**Records shown**
• • • • • • •
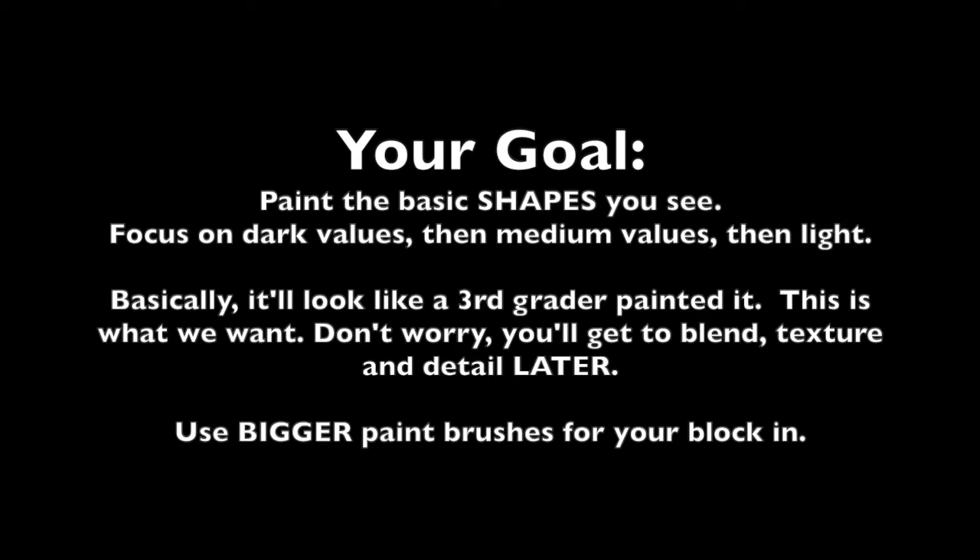Your goal for blocking in is just to paint the basic shapes you see. You want to paint quickly using the biggest brush you can for the area that you're painting. It's going to look like a third grader painted it — that's your goal, it's what you want. It's just the basic shapes, focusing on first dark values, then medium values, then finishing with your lighter values.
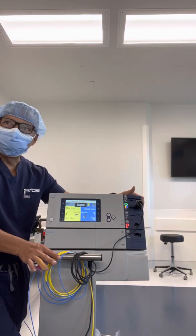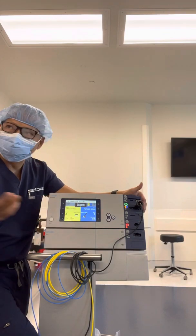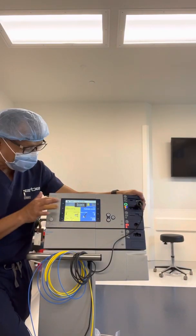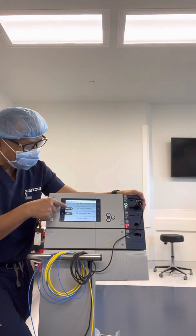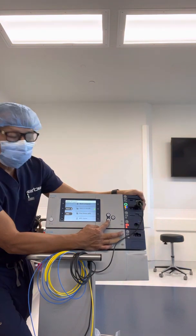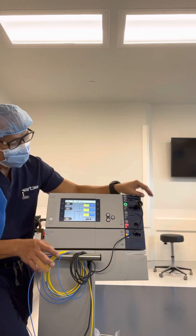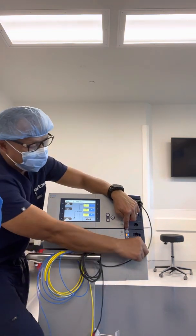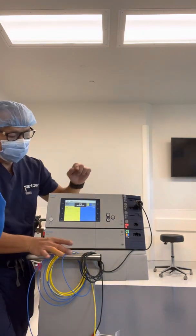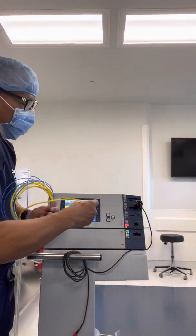He's done with the polypectomy — we call it polypectomy, removing the polyp. He wants to use APC now. Two steps again: guide program, select program, puts you back to the main screen. Scroll up and down — the button is right here. Let's say he's in the colon, so select APC colon. Step two: engage APC. The foot pedal drops down — see how smart it is. Touch the doorbell button to engage.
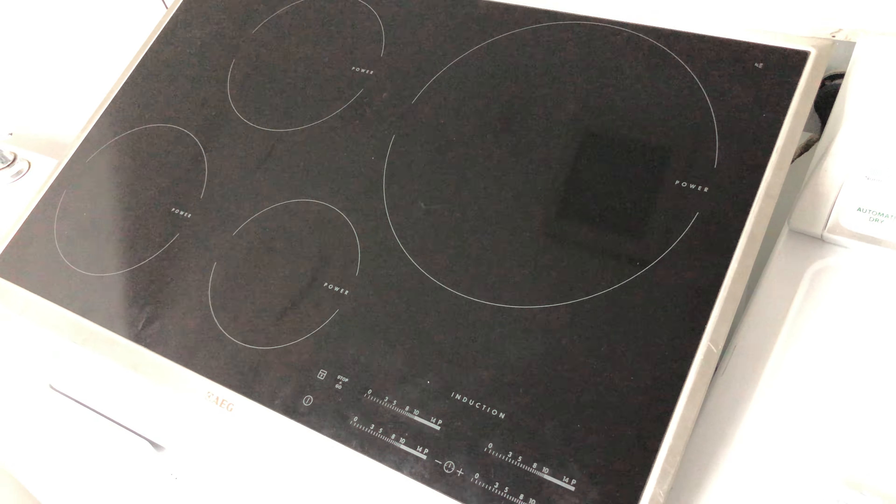After I replaced it I was getting power, but the display was still dead. Then I replaced this one as well, and the unit is working perfectly fine.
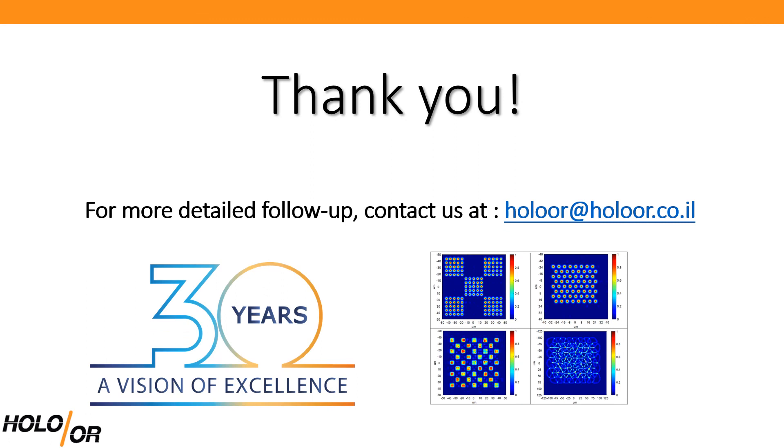D-Lite is not limited to Gaussian spots. Flat top-edged structures can be designed to texture the surface with whichever shape required to provide the necessary functionality, all using a simple, single, flat optical component in your setup. That's it for today. Thank you for listening and please contact us with your project needs.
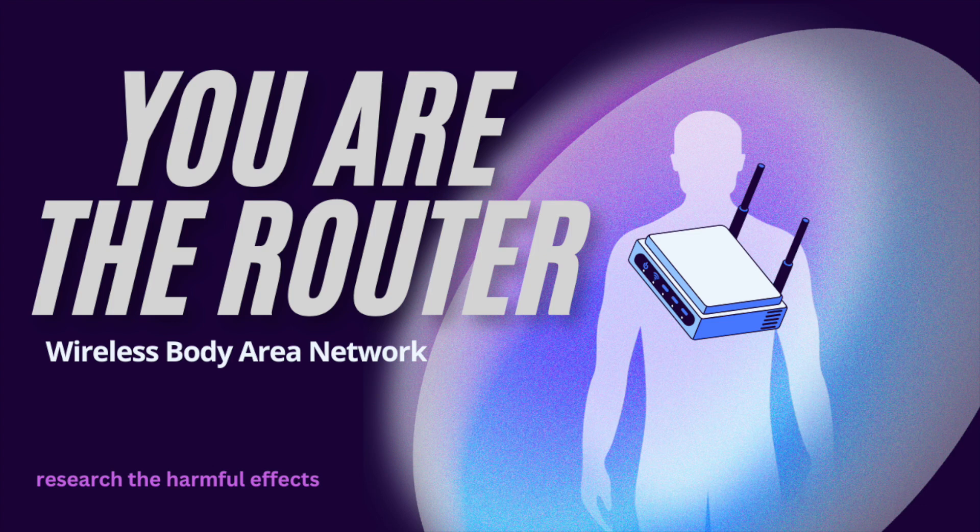Picture tiny sensors — almost like little spies — placed all over your body. Some might be in your clothes, others could be patches on your skin, or for specialized medical use, implanted under your skin. These sensors pick up all kinds of signals: heart rate, blood pressure, temperature, even how you move. It's like having a microscopic team of detectives monitoring everything — pretty cool, but also kind of intimate, which is also what makes it so powerful.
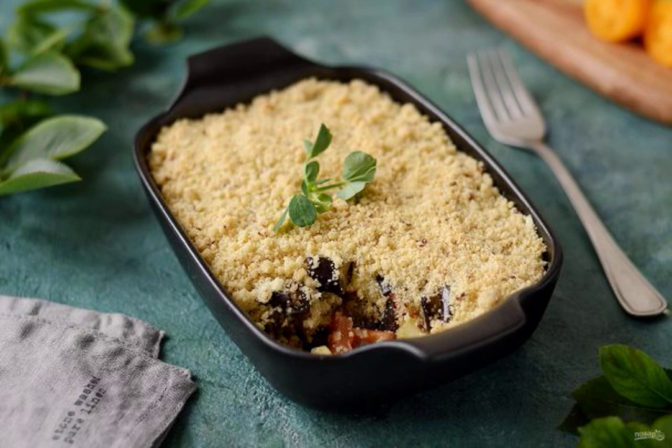A crumble is a cross between a casserole and a pie, usually with a sweet filling of berries or fruits. In this recipe, I want to share a savory version of crumble with vegetables.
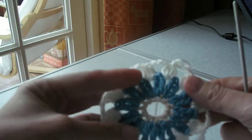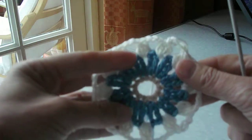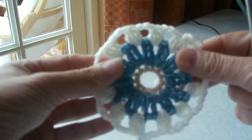That completes that round. If you were to do a count of the chains, that would be 48 — so again, you've increased as you've gone around.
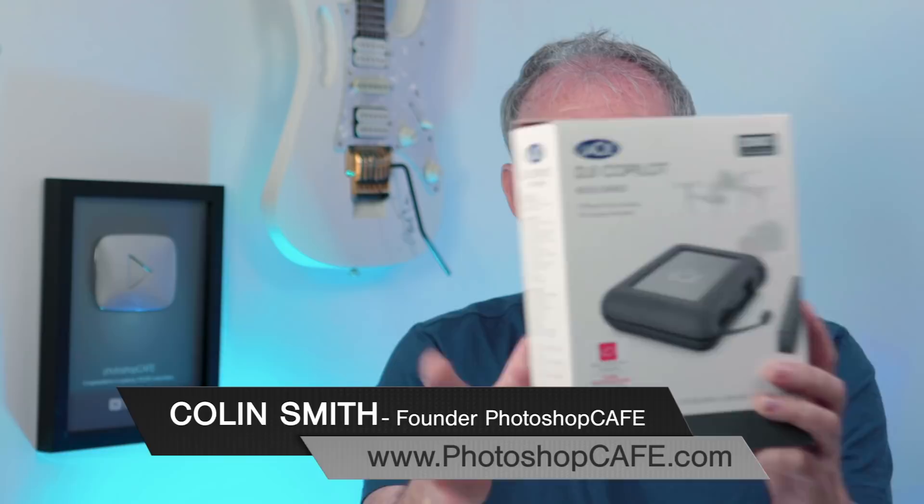LaCie sent me their latest drive — it's the DJI Co-Pilot. What it is is basically a 2,000 gigabyte or 2 terabyte hard drive which is also powered and has a brain in it, so you can actually take your cards and download your footage directly into this drive. Its design is inspired by the Rugged Drive from the same company, LaCie.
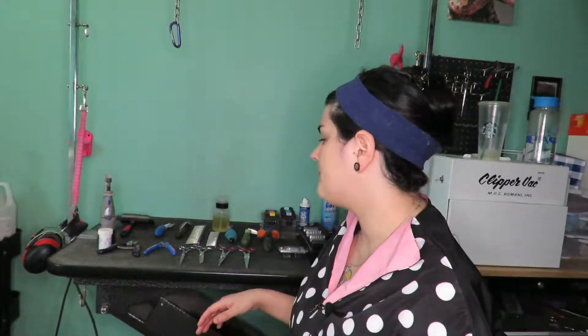Hi everyone, welcome back to my channel. This is Nicole Dunn from Nicole Dunn Grooming, and this is the first video of my series Groomer 101. When I first became a groomer — I'm a self-taught groomer — there weren't that many resources on YouTube to help me figure out what kind of tools, force dryers, shampoos, and so on. This first video will talk about the necessary equipment you need to become a successful groomer.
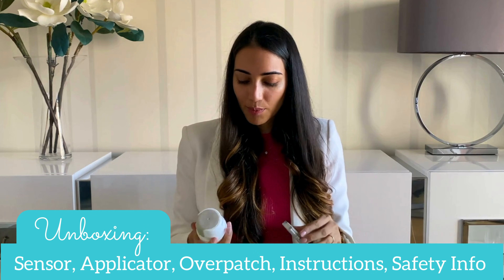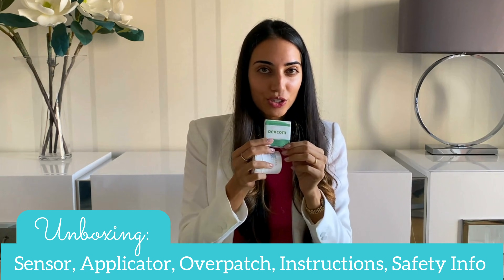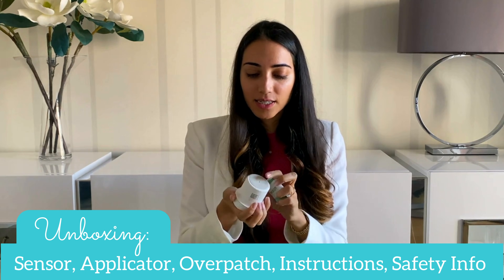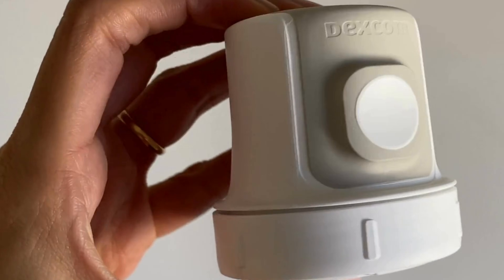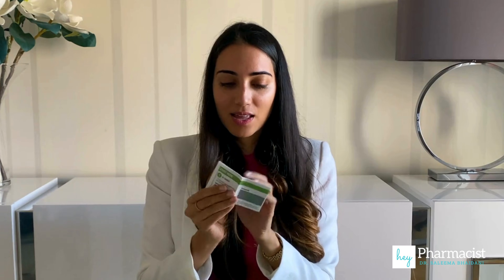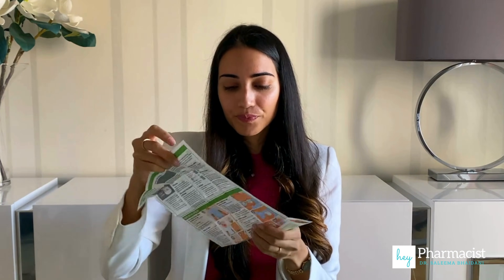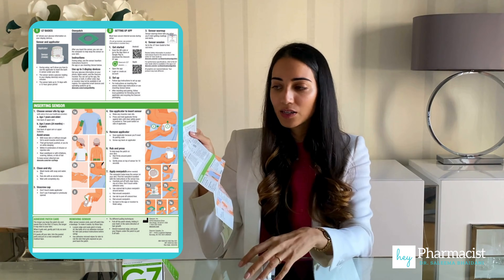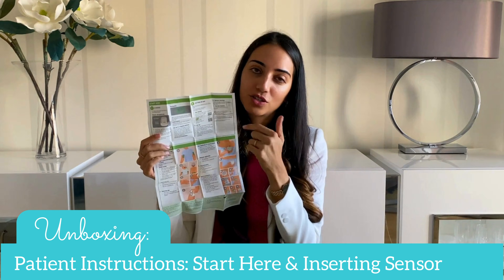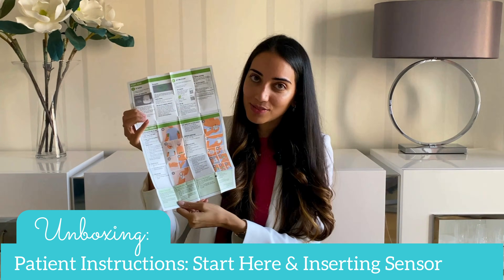All that came out of the box was this manual with an overpatch — I'll get to that — and the sensor inside of the applicator. I think the most useful item will be the start-here guide, which goes through the basics of what this is, instructions on setting up the app, and this part here is about inserting the sensor.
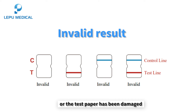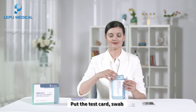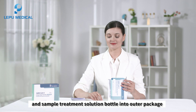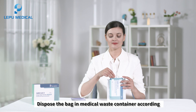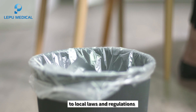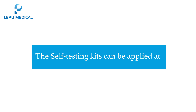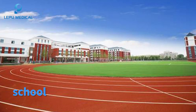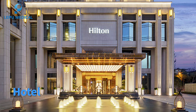After the test, put the test card, swab, and sample treatment solution bottle into the outer package and seal it tightly. Dispose of the bag in a medical waste container according to local laws and regulations. The self-testing kits can be applied at home, school, office, corporation, airport, or hotel.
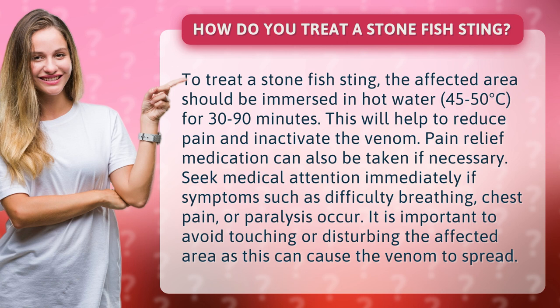Pain relief medication can also be taken if necessary. Seek medical attention immediately if symptoms such as difficulty breathing, chest pain, or paralysis occur. It is important to avoid touching or disturbing the affected area, as this can cause the venom to spread.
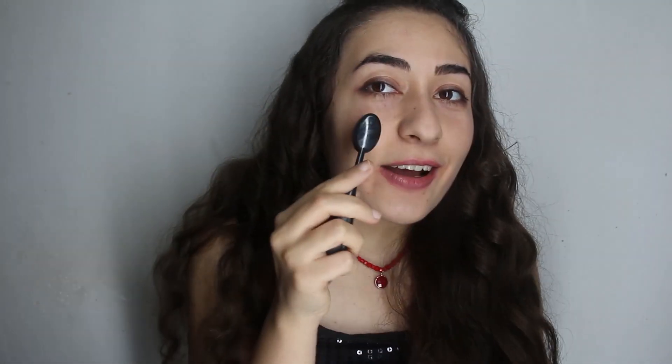Let's get started. First of all, as always, I'm going to use foundation. Just put some of this foundation on my face and here we go.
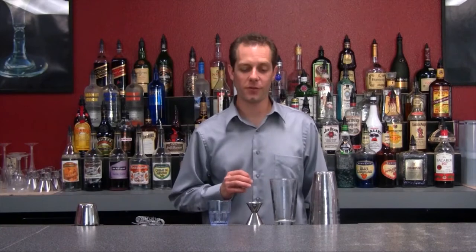The next drink is very potent. It is called the leg spreader and it contains four different types of liquor. So let's go ahead and shake this one up for you.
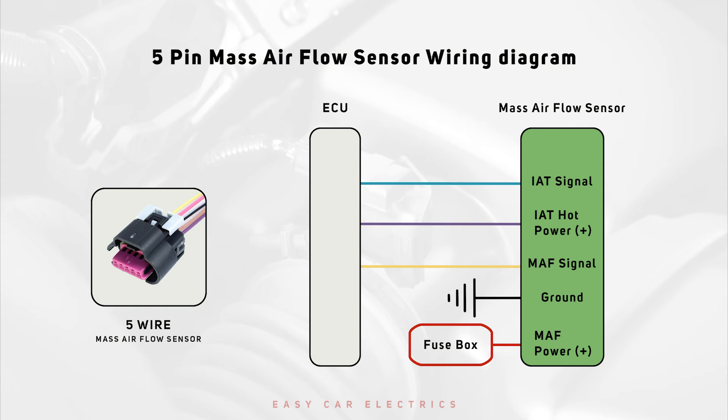5-Wire MAF Sensor Wiring: A 5-Wire MAF sensor comprises a MAF power wire, MAF ground, MAF signal, air temperature signal, and air temperature reference voltage. The power wire supplies current to the MAF sensor, with the ground coming from either the PCM or the chassis. Additionally, there are two wires dedicated to air temperature sensing.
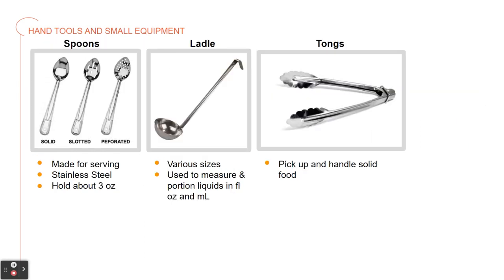Here we have the serving spoons. They come in solid, slotted, and perforated. They're made of stainless steel and hold about three ounces. Solid spoons are serving spoons without holes in them — use them to spoon out both liquid and solid ingredients. Perforated and slotted spoons have holes that allow the liquid to drain while holding the solid items in the spoon.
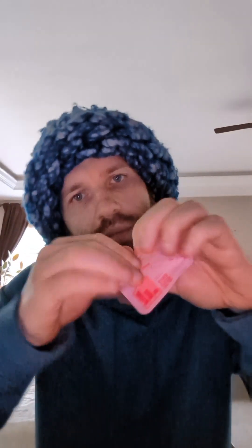Next one — sparkling grapefruit. I've had this one before but let me give it a fresh smell here.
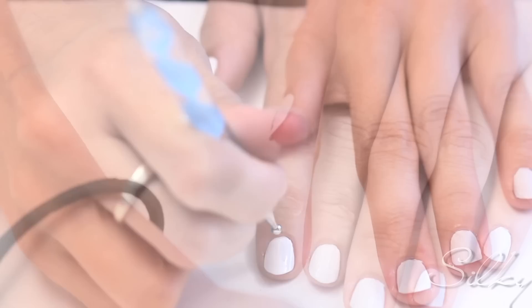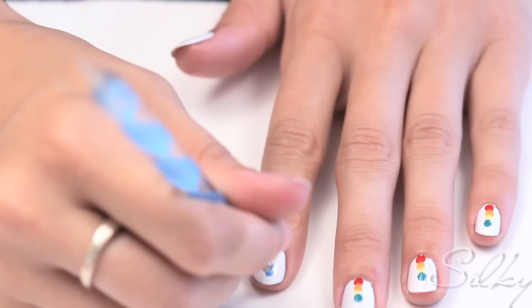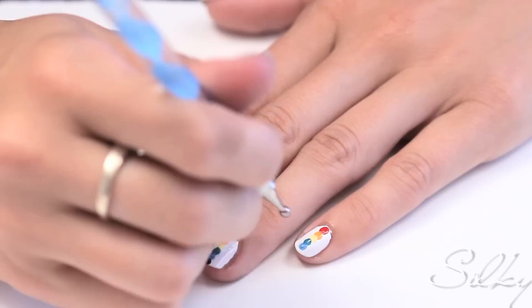Do the same followed with orange, yellow, green, blue, and finally purple. Top it off with a top coat.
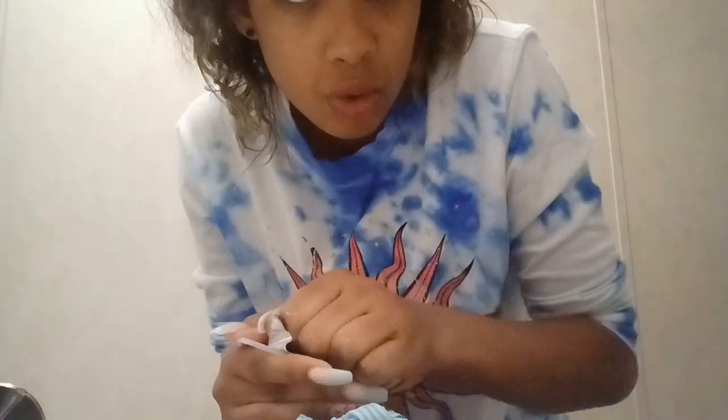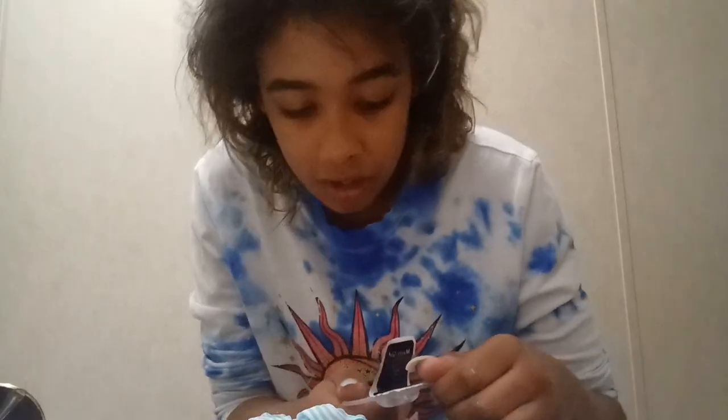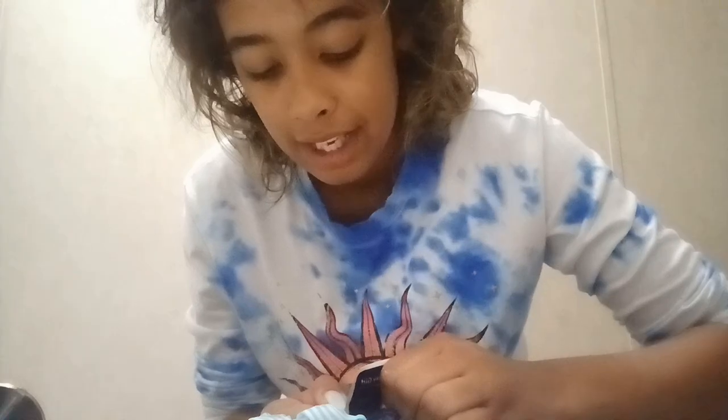These were like $24-$25, I think. I got gray contacts, by the way. I decided to get gray because — why not!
• • • • • • •
**Work order**
Only what runs from the line holding "Here we have" through the end of the entries above is to be given again, exactly, with every picture omitted.

**Answer to this exercise**
Here we have the serving spoons. They come in solid, slotted, and perforated. They're made of stainless steel and hold about three ounces. Solid spoons are serving spoons without holes in them — use them to spoon out both liquid and solid ingredients. Perforated and slotted spoons have holes that allow the liquid to drain while holding the solid items in the spoon.
Next one — sparkling grapefruit. I've had this one before but let me give it a fresh smell here.
Do the same followed with orange, yellow, green, blue, and finally purple. Top it off with a top coat.
These were like $24-$25, I think. I got gray contacts, by the way. I decided to get gray because — why not!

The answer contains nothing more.